When up and coming gangster Tam McGahern is murdered, his twin brother Frankie asks Lennox to find out who’s behind it.  But then Frankie himself ends up dead and Lennox finds himself in the frame for the murder.  As he gets drawn into investigating the matter, he finds himself in ever more dangerous situations, never knowing who he can trust and who is not to be believed – and he discovers that things are far more complicated than he could have imagined…

Glasgow and its underworld is certainly brought into vivid focus here, and I felt able to easily imagine the atmosphere of the city.  The story itself moves along at a rapid pace and never allows time for the reader to become bored.  There are also plenty of twists and turns, at times so many so that the story became a little tied up in itself.

Lennox himself is not actually a particularly nice or likeable character; however, he is the nearest thing to a hero to be found in this novel, which is populated by criminals of all persuasions, with varying degrees of ruthlessness.  The book is narrated by Lennox himself, which means that the reader only gets to know what he knows, as he finds it out.  Unfortunately, it also meant that for me anyway, I did at times find his character jarring.  He had a habit of saying something, and then adding a little quip on the end, apparently to demonstrate how witty or ironic he was being.  The other problem was that a lot of the characters were very stereotyped, especially the criminals (and there aren’t many characters who aren’t criminals).

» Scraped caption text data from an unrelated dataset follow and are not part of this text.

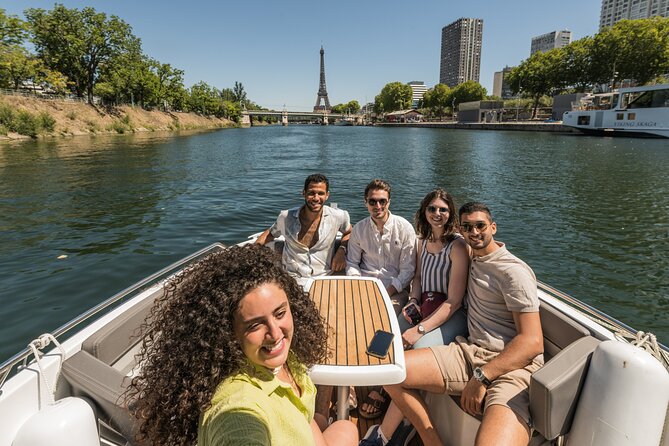 Private Cruise to Discover Paris - Why This Private Seine Cruise Feels Smarter Than the Big Boats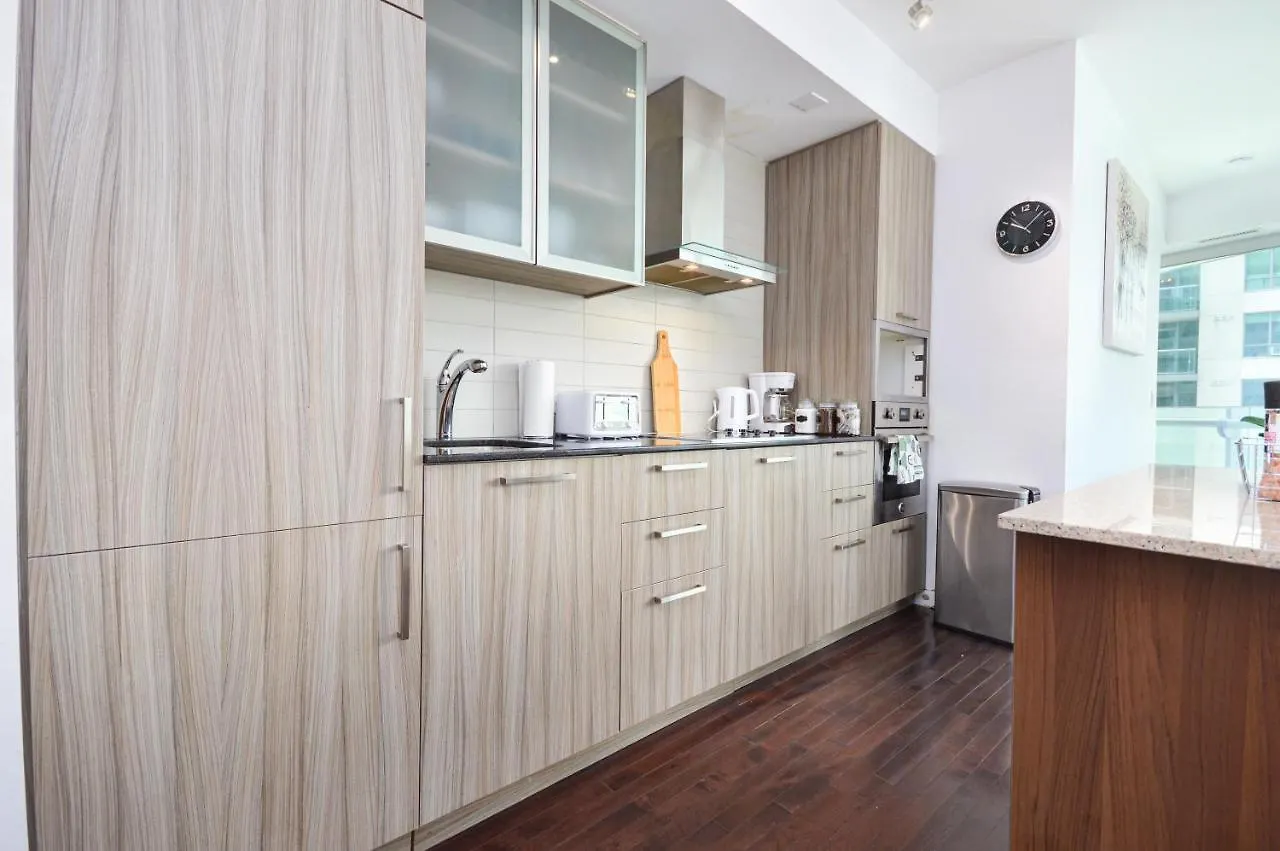 Downtown Toronto Condo Near Cn Tower, Union Station, Scotiabank Arena,Rogers Centre Apartment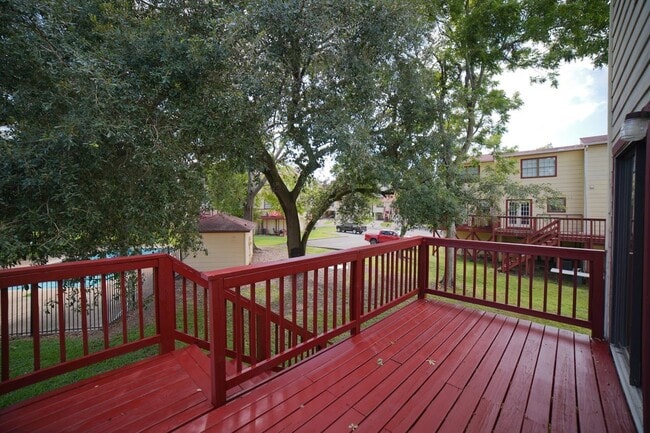 Building Photo - 420 Indian Village Trail Rental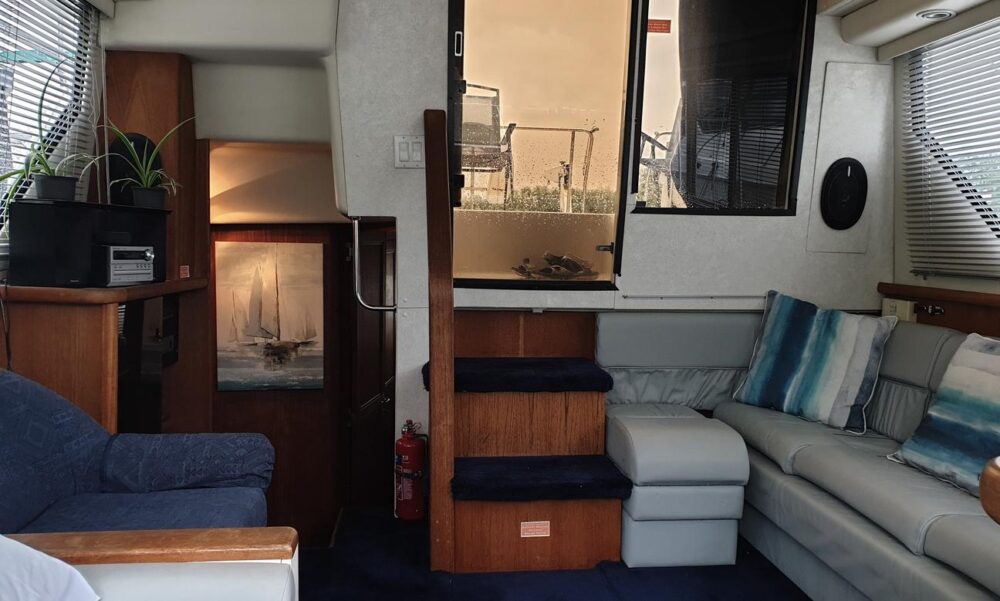 Smart motor cruiser perfect for up to 12 passengers near Staines - Imagen 2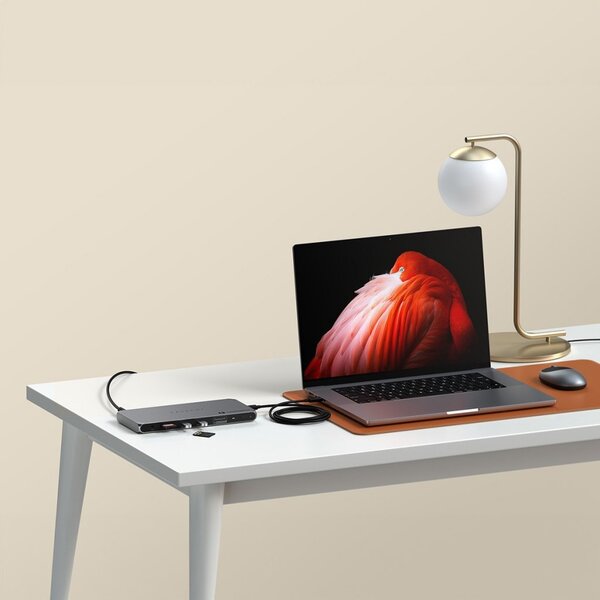 Satechi Thunderbolt 4 Multi-Display -telakointiasema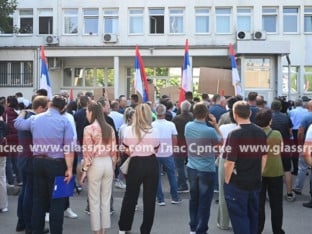 Protest ispred Okružnog suda zbog privođenja Miličevića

Nonetheless, this book is plot driven more than character driven, and the fast moving story, together with the problems which Lennox faces – which just keep piling up on top of each other – mean that it is never less than an entertaining read. 

So would I read another book in this series?  Possibly, but I wouldn’t rush out to get hold of a copy.  I have read one book in the Jan Fabel series and I definitely preferred that one.  If you like your crime stories cosy and funny, this probably isn’t the book for you – but if you like a more bleak and violent setting, you might want to give this one a try.